Many tools are available to uncover .NET assembly and method dependencies, but the majority are GUI-based and not particularly automation-friendly. And these tools are not very customizable. Colleagues of mine who write software test automation in a .NET-based environment use two custom-built tools to programmatically determine assembly and method references. When I teach .NET test automation classes to software engineers, I often pull out these tools, AssemblyRefs.exe and AnalyzeMethodCalls.exe. So in this month's column I'll present two very lightweight, automation-friendly, highly customizable tools for finding .NET assembly dependencies and .NET method dependencies.

Figure 1 Finding .NET Assembly Dependencies

Figure 1** Finding .NET Assembly Dependencies **

If you can't wait to get started, take a look at Figure 1. The sample run analyzes an application named RunScenario.exe for assembly dependencies and saves output in XML. AssemblyRefs.exe's source is short (less than one page of code) and can easily be modified to suit your needs. Figure 2 shows a tool that finds .NET method dependencies. This sample run analyzes a class library named CombinationsLib.dll and sends output directly to the command shell. AnalyzeMethodCalls.exe is also small (again, less than one page of code) and is easily extended.

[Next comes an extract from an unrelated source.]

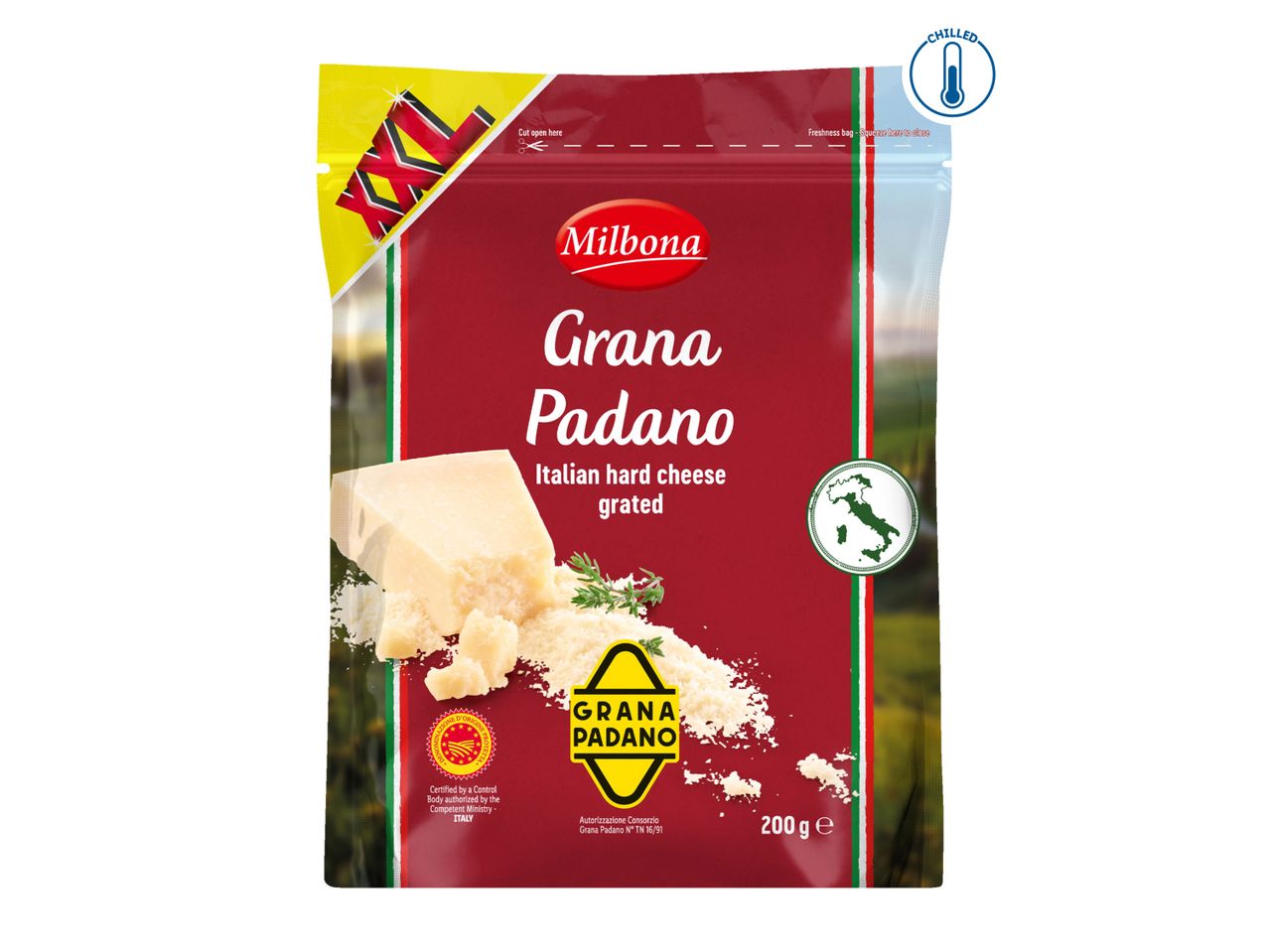 Milbona Grana Padano Italian hard cheese, grated, 200g.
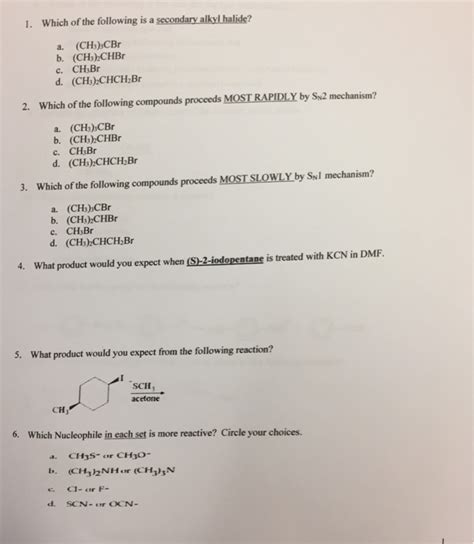 solved       secondary alkyl halide cheggcom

Figure 2 Finding .NET Method Dependencies

Figure 2** Finding .NET Method Dependencies **

There is nothing especially difficult about these two tools but they raise some very interesting design issues. And while this column is aimed primarily at those with beginning and intermediate skills, even if you have advanced coding skills I bet you'll find some interesting and useful new techniques.

.NET Assembly Dependencies

Let's start by writing a small, flexible tool that determines .NET assembly dependencies. Assemblies are the fundamental building blocks of all .NET-based applications. An assembly can be located in one physical file (an .exe or .dll), or it may span several physical files. Assemblies contain several pieces of data, including an assembly manifest (which contains metadata about the assembly, such as version number), type metadata (which contains information about classes, enumerations, and so forth), the actual intermediate language code that implements the assembly, and a set of resources (typically configuration settings, images, and so on). As the MSDN® documentation points out, functionally, assemblies form a security boundary, a type boundary, a reference-scope boundary, and a version boundary. Therefore, if you are testing code, you must be able to determine which assemblies are referenced by the assembly under test. Without this information you cannot create meaningful test cases. This is also useful for debugging complex systems that will not build properly.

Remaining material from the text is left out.